=== What you need to do ===
The listing below holds pictures; exclude them. Return exactly the lines from the one with "Indalo Park Santa Susanna" through the one with "Used 2021 Ford".

(Records provided Opens)

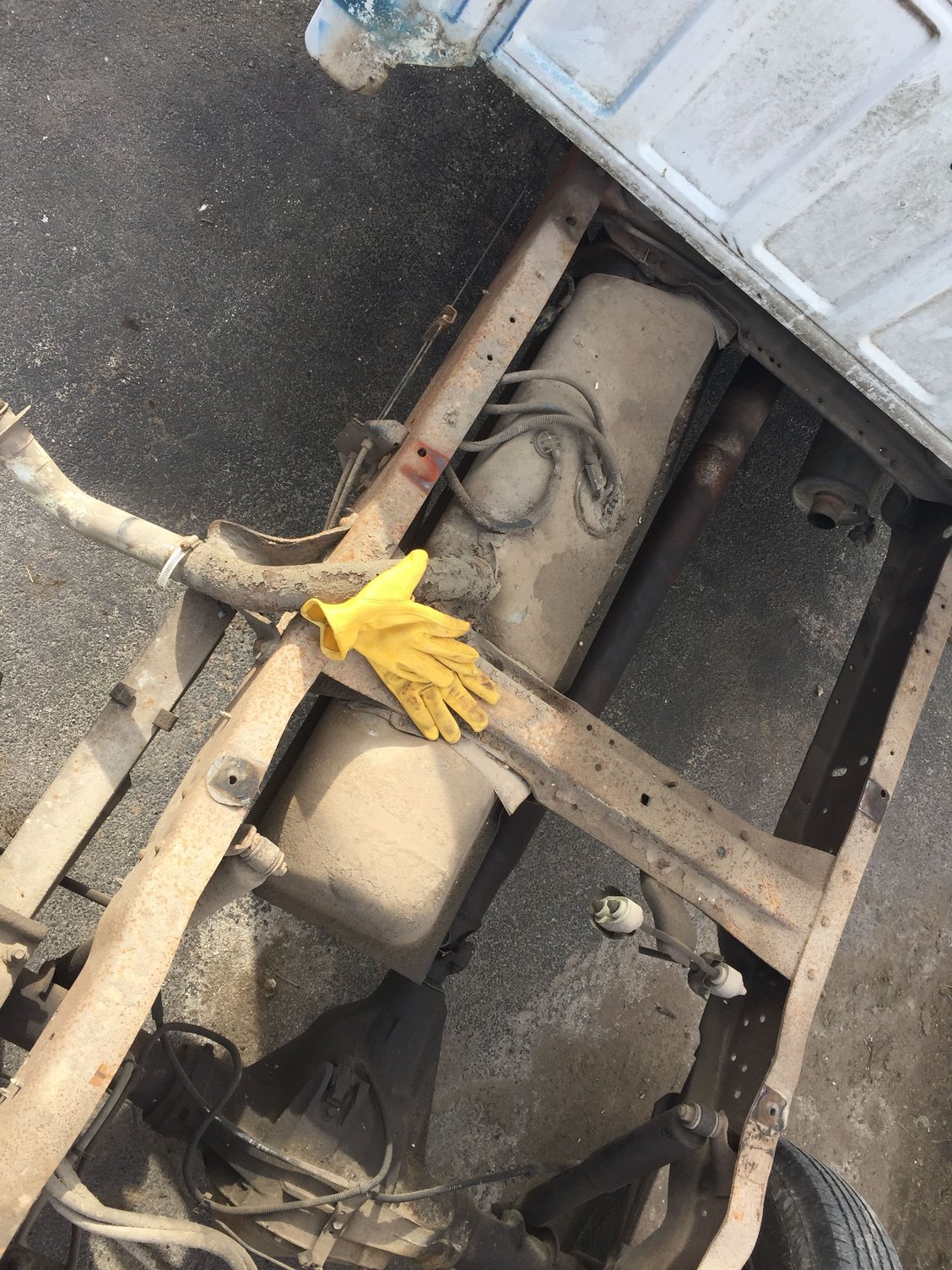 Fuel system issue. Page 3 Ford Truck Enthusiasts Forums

(Records provided Closes)
(Records provided Opens)

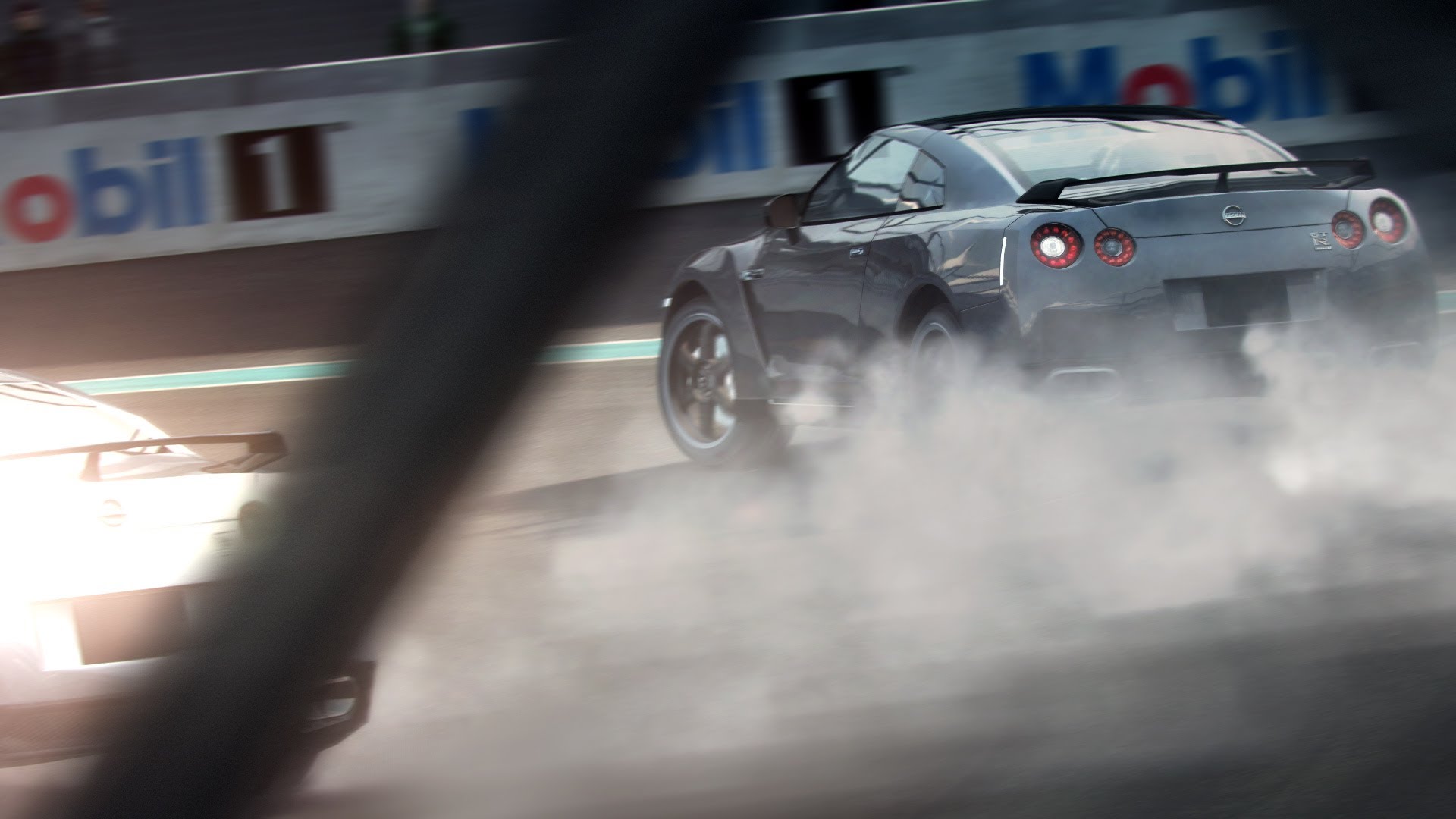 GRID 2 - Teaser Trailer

(Records provided Closes)
(Records provided Opens)

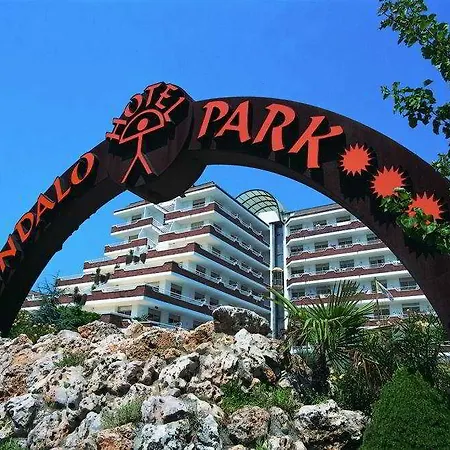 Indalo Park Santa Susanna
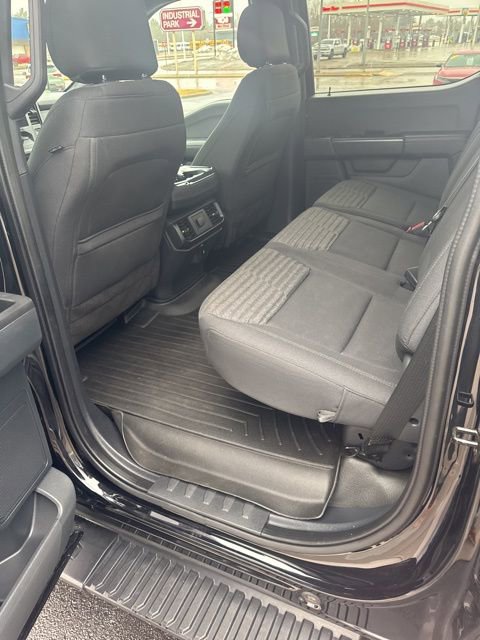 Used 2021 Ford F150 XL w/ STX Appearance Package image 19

(Records provided Closes)

=== Solution for this exercise ===
 Indalo Park Santa Susanna
 Used 2021 Ford F150 XL w/ STX Appearance Package image 19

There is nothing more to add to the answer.